Finding YOU after pregnancy

You went through the whole nine (really 10) months of pregnancy and were excited, scared, anxious, elated about the new little human entering your life. Now the baby is here and you are consumed with sleepless nights, overwhelming days, and a profound loss of who you once were.

Having a child is a major life change—we all know this—but what can be shocking is that feeling that you don’t recognize yourself. You don’t know who you are anymore. It is important that you reconnect with your old self, embrace your new normal, and not lose sight of what is meaningful to you. Yes, of course, that new bundle of joy is your world and he/she is at the top of the list all day every day but you also need to care for yourself. By failing to take time for you—even if it is a short coffee outing with a friend or a solo trip to the gym—you are hurting yourself.
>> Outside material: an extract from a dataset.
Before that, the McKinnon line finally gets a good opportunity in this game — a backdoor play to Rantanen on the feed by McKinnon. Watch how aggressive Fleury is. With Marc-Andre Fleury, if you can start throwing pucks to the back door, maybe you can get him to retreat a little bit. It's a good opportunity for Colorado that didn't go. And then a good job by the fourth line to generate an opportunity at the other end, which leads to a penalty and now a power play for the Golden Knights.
If you don’t take care of you, it is a lot harder to take care of the others in your life.

It is common for moms to feel like that is all they are— “I am a mom, but what
else?” It is the new mom identity crisis and it can be rough. So what can you do to reconnect with yourself after pregnancy?

Reconnecting with YOU

1.) Connect with friends in new ways—Instead of late nights at bars or concerts,
meet your friends for book clubs, coffee dates, or playdates at the park. You need
to continue to have adult conversations and adult time, and support from others
who understand your challenges.

2.) Embrace a hobby—Maybe it is going for a run, hiking, knitting, painting, or writing…whatever it is that makes you feel alive and gives you a sense of accomplishment make time for it. It can be daunting to think about adding another thing to your list, but this stuff is important for you, your happiness, and the happiness of your family.

3.) Don’t compare— You are your own person. It does you no good to compare yourself to others. The mom guilt is there, we all have it but it is not necessary. You need to care for yourself, and you should not feel guilty that you are doing something for you rather than staring at your sleeping child for hours on end. It just hurts your soul.
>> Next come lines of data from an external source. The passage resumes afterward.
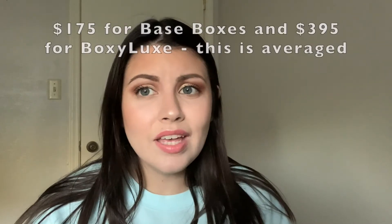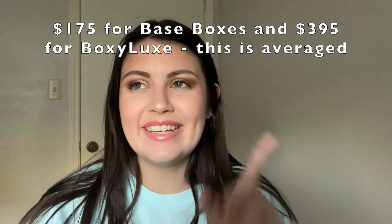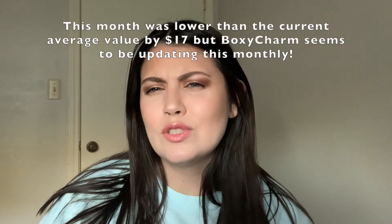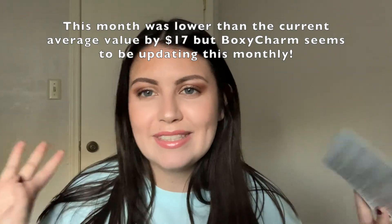That's it for this month's BoxyCharm for October. BoxyCharm's website usually states a $125 value, but last month it seemed higher at $195, and this month it came out to $158. I paid $25 for this box, so getting $158 worth of product is amazing. I wonder why they keep changing the stated value — I've never had a BoxyCharm that's been less than $140 worth of product, so maybe they should just settle on a consistent number.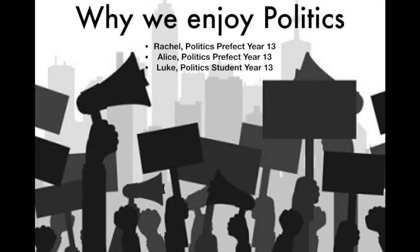I'm going to be talking about why we enjoy politics. The content is very interesting — we study British and American politics, and then political ideologies. American politics is particularly interesting at the moment due to the upcoming election, and it is interesting to compare British political systems with American.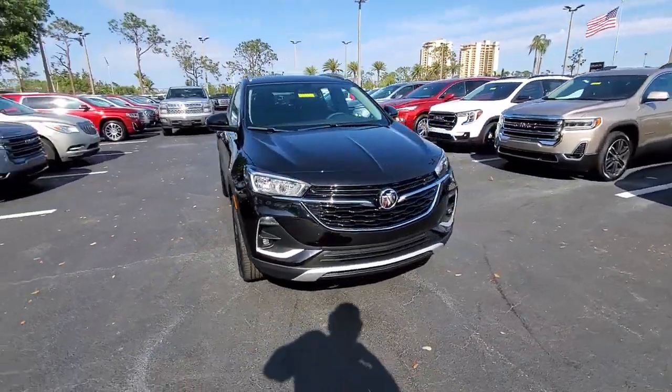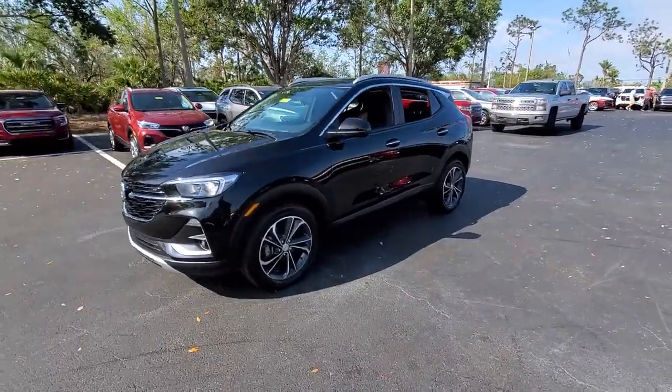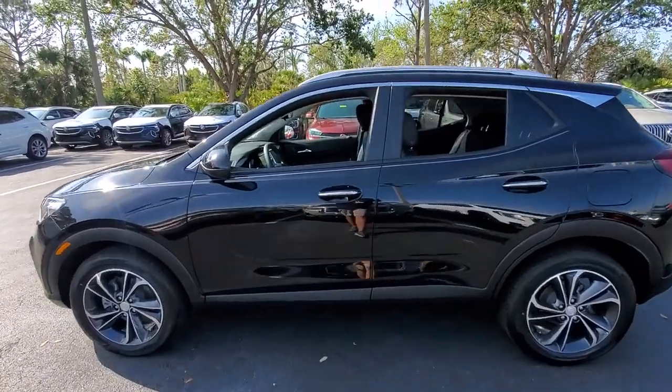Enjoy the view of this 2023 Buick Encore. The Encore's sleek styling, efficiency, power, and nimble handling makes navigating your world fun and luxurious.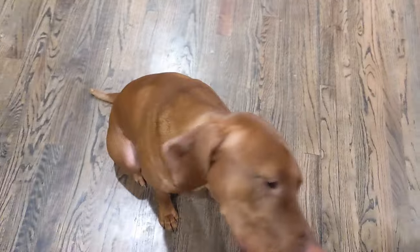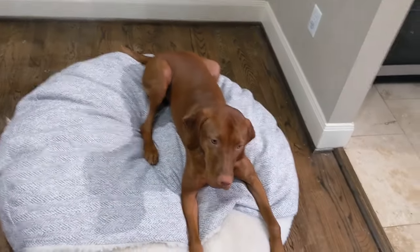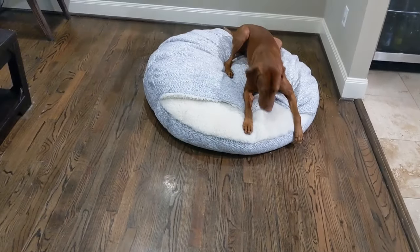Get him a treat. What a good boy. Ryder, taco. Close. Ryder, come. Good boy.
4.) Ask for help — Don’t be afraid to ask a grandparent or a friend, or hire a part-time babysitter so you aren’t doing it all, all the time. If you are feeling like you could really use an hour away then take it. Losing your cool and your sanity isn’t going to be helpful for you or baby.
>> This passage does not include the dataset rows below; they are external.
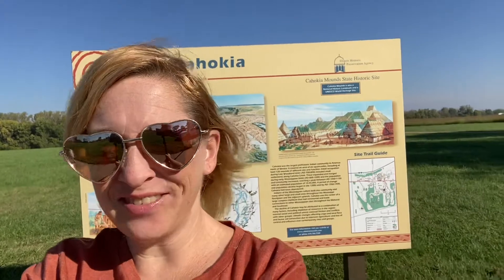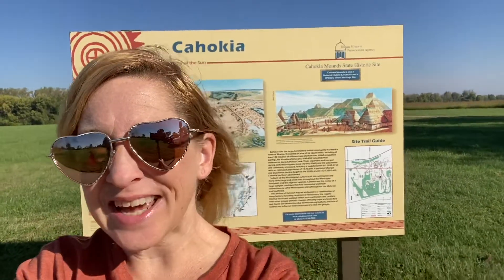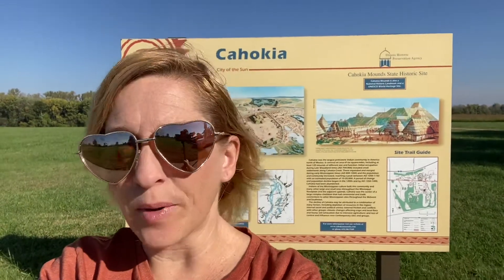Hello! It's Miss Julie from Miss Julie's Virtual Preschool and Crafts and it's a field trip day! We are at the Cahokia Mounds in Southern Illinois and we are gonna go take a trip up the tallest man-made mounds.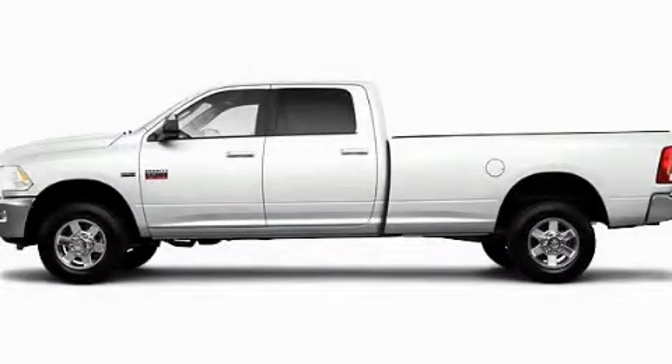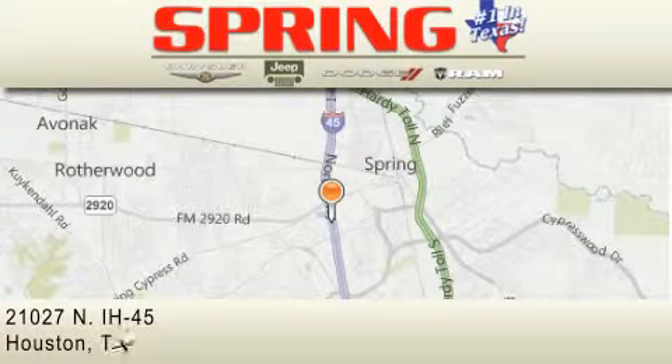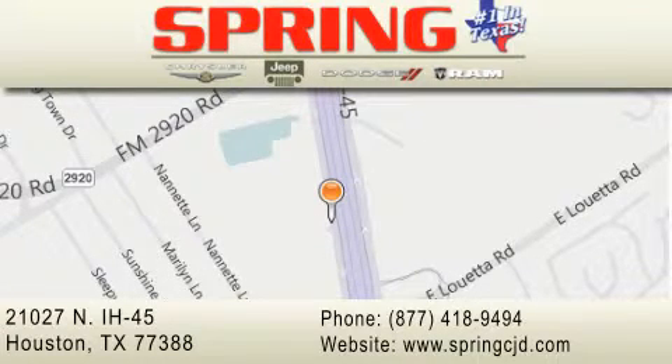Please call us today for more information on this great vehicle. Spring Chrysler Jeep Dodge is located at 21027 North Interstate Highway 45 in Houston. Our goal is to exceed all of your expectations to ensure that you'll return for future visits.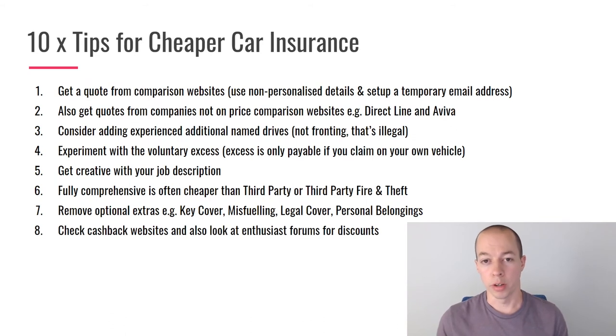Once you've narrowed it down to a couple of providers, check cashback websites like Quidco and TopCashback for available cashback on those policies. Also check enthusiast forums and Facebook groups for your type of car, as some have exclusive discount codes. Always check that discounts and cashback don't cancel each other out — sometimes clicking through a cashback website can actually push the quoted price back up. Keep notes of your quotes so you can compare directly.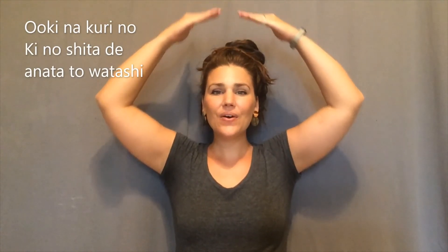One more time in Japanese. Put your tree up. Okinakari no Kinoshita De, anata to watashi, nakayoku asobimashou. Okinakari no Kinoshita De.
5.) Take care of you—Find time for that shower, or to get that haircut. Take naps when you are tired. Forget about the laundry, it will get done eventually. Take a deep breath. You will get through.

If you are struggling with feelings of being overwhelmed, depressed, sad, alone, or you just feel like you could use someone to talk to seek out a qualified counselor. And, know you will find yourself again.

Guilt & Shame: Whose Life is it Anyway?

Guilt, we all know that deep-down gut feeling and some of us know it all too well. We feel it all the time. About everything. But why? What real reason do we have to condemn ourselves to such feelings all the time? It is draining and it makes our life events less enjoyable. 

Clients come to me all the time telling me they feel guilty for taking a break, for actually using the vacation time given to them, and for choosing to stay at home when feeling sick or drained. I always ask them, what does that guilty voice say? Whose voice is it? And, whose life are you living? Is this your life, or the voice of life’s past?

Why do we feel guilty all the time?

1.)We want people to like us. We are people-pleasers.

2.)We are focusing on the “shoulds”— the stuff we tell ourselves we should be doing. We should be cleaning the house. We should be folding the laundry. We are comparing ourselves to what we think other people are doing with their time, instead of caring for ourselves.

3.)Perfectionism—we have a fear of letting people down, of not allowing ourselves to make mistakes.

4.)Childhood conditioning—we were taught as children to always put people first and to feel responsible for other people’s happiness. Sometimes we feel like we are failing to live up to the expectations of others.

5.)Manipulation—we are susceptible to having our buttons pushed by other people. You are exhausted and desperately need a break, yet when your boss calls you to come in two hours early to work on a project you do it. 

Next time you feel guilty over caring for yourself, take a breath and think about that voice in your head. What do you really think of what it is saying? What would you say to someone else in your situation? This will help you to live by your own standards, rather than someone else’s.

You must take care of yourself before you can fully take care of you. If you find it difficult to care for yourself without feelings of guilt, then it may be time to seek out a licensed professional counselor to help. After all we are here in this world to live it, to enjoy it, and to enjoy those around us. If we are constantly consumed by feelings of guilt or shame for doing things that make us happy, then we can’t fully live.